The Atonement brings us closer to God because it allows us to progress. It allows us to overcome the natural things that get in our way of learning and being perfect in this fallen world. This is something that I have been thinking about lately as I have considered how sometimes I do not want this wonderful gift. I have to leave, I have to grow up, and I do not want to. I wish I wanted it; I wish I knew how to access his great atonement that would simply and perfectly heal up my wounds and hush up my fears. I want to live with my parents, I do not want to get married, I do not want to finish my degree. I don’t want things to change. I want to go back to Galilee and sit on the shore watching the sunset and think about Christ forever. And yet, His atonement is there for me, waiting for me. Waiting to help me become better, waiting to comfort me and to uphold me with his righteous, omnipotent hand, even though I do not want it.

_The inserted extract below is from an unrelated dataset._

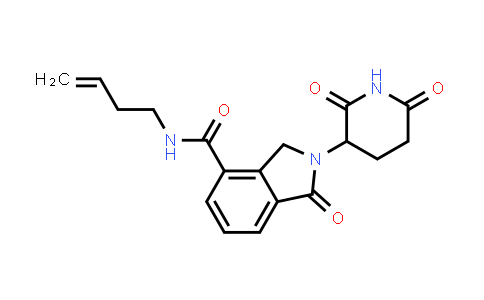 MC852789 | 2390549-07-0 | N-but-3-enyl-2-(2,6-dioxo-3-piperidyl)-1-oxo-isoindoline-4-carboxamide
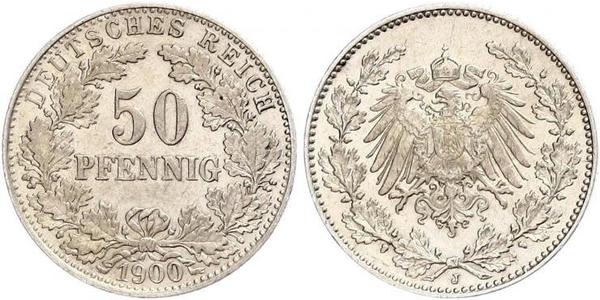 50 Пфенниг Германская империя (1871-1918)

One principle that I have learned in my time in Jerusalem is that Christ had to choose to suffer for my sins, and that choice did not come easily or naturally. It was hard for him. When the time came for him to willingly suffer, he asked the Father if it was really necessary and then in the same breath made himself an active and willing sacrifice. As I read, I am overcome with the feeling that Christ would suffer and atone even if it was just for me. Even if he knew how much I did not deserve it and how much sometimes I don’t even want it.
I do hope that one day my testimony and my faith will encourage me to allow the Atonement into my life and not let my own fears stain it. In Elder Bruce R. McConkie’s, The Purifying Power of Gethsemane, he suggests that what we must do to access the atonement is to simply continue working to understand it. We must read, ponder, and pray so that the Spirit may testify to us of its everlasting truthfulness and power. This work is hard. To stand in the light is just as difficult as cowering in the darkness. It is fighting and it is every day. I have gained a greater testimony of work in Jerusalem. It is not enough to simply believe in Christ’s name. To have a testimony of Christ means something, it influences me. It is not simply a convenient way of thinking but a conscious way of doing and an eternal way of being. But sometimes I worry, because I do not have a perfect testimony of the atonement. The greatest act in human history that forever changes the way I live and I do not understand it. As I was contemplating my frustration I remembered Paul in his letter to the Philippians where he says, “Brethren, I count not myself to have apprehended: but this one thing I do, forgetting those things which are behind, and reaching forth unto those things which are before, I press toward the mark for the prize of high calling of God in Christ Jesus.” (Philippians 3:13-14)
I have not fully been grasped. I have not been perfected and the process still hurts but I’m going to do my best to run with patience. To work every day even when I do not want to, to be better. To be grasped. May I one day have the courage to choose Christ over my selfish fears.